After GT-induced phosphorylation BimEL interacts better with Bcl-2 or Bcl-xL and activates Bak more effectively. (a) Anti-Bim, -pT112 Bim, -Bcl-x and Bcl-2 immunoblots of anti-FLAG IPs/3 × FLAG-peptide eluates of total CHAPS extracts of HEK293 cells transiently transfected with FLAG-tagged versions of WT BimEL (FLAG-BimEL) or its T112A (FLAG-T112A) or S100A/T112A/S114A triple mutants (FLAG-Triple) and treated with 1 μM GT for 4 h. Note that similar amounts of FLAG-BimEL and its phosphomutants were immunoprecipitated and all FLAG-BimEL versions exhibited a similar, basal interaction with Bcl-xL and Bcl-2 in the absence of GT (left panels,—GT). WT and T112A FLAG-BimEL showed a gel shift in response to GT that was missing in the triple mutant (right panels,+GT). Only WT FLAG-BimEL was phosphorylated at T112 and could co-immunoprecipitate more Bcl-xL and Bcl-2 than the T112A mutant. The least co-IP was seen with the triple mutant and it was similar to the co-IP in the absence of GT, indicating that GT-induced triple phosphorylation of BimEL enhanced its binding capacity to Bcl-xL and Bcl-2. (b) Anti-Bak immunoblots of anti-Bak Ab-1 immunoprecipitates (using the N-terminal antibody Ab-1, detecting the active conformation of Bak) of the total CHAPS extracts described under (a).
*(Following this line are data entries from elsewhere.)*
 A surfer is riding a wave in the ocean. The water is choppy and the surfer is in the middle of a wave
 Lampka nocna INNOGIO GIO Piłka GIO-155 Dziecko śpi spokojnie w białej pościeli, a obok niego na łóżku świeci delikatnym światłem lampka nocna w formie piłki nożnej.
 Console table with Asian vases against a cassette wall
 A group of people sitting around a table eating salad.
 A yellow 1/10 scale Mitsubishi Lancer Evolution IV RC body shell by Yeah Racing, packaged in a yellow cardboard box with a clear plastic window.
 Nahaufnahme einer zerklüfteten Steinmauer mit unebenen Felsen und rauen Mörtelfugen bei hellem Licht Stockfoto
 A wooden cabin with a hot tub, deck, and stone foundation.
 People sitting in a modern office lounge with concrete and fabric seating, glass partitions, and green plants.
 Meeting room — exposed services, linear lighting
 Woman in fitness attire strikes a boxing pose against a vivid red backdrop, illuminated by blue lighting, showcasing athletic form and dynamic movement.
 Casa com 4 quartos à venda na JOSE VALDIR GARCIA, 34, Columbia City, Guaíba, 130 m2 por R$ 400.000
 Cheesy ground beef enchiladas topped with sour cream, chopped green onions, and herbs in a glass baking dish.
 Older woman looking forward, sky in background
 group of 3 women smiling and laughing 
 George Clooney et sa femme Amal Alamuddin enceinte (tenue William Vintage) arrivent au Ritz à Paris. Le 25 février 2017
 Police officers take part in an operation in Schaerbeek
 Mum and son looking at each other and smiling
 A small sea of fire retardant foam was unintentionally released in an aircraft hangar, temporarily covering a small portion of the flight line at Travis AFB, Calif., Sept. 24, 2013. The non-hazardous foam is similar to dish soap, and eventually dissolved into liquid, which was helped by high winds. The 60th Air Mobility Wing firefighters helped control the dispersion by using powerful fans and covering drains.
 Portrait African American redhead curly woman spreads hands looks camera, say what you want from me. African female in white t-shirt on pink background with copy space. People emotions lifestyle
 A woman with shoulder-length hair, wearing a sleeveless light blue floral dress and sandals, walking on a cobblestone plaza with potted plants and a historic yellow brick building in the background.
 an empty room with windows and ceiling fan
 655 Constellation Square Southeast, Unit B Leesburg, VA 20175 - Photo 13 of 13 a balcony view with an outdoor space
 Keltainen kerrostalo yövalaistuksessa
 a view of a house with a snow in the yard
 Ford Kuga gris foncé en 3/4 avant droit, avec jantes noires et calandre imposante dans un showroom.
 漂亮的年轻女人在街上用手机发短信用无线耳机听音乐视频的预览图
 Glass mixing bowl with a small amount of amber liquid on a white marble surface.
In addition, extracts from HEK293 cells transfected with the FLAG-tagged S114A BimEL phosphomutant were used. Anti-Bak Ab-1 IP is increased in response to GT (compare FLAG- BimEL, lanes 1 and 2). Similar amounts of IPs are observed with the T112A and S114A FLAG-BimEL phosphomutants, indicating that both still effectively activated Bak in response to GT. However, the triple mutant did not show any major anti-Bak Ab-1 IP (that is, active Bak). IgG pull down and asterisk (*) show some cross-reactive Ig light chains. Molecular-weight markers are indicated on the right

Discussion

In this study, we used the fungal toxin GT as an apoptotic model agent to uncover a novel signaling pathway that requires JNK1/2-mediated phosphorylation of BimEL at three combined sites (S100, T112 and S114) to trigger Bak- and caspase-dependent apoptosis in fibroblasts (MEFs) as well as kidney (HEK293) and lung epithelial cells (BEAS-2B and primary AEC type II). The signaling pathway appears to be exploited by the fungus A. fumigatus to kill lung epithelial cells in a GT-dependent manner and by this mechanism to eventually infiltrate the lung of IA patients.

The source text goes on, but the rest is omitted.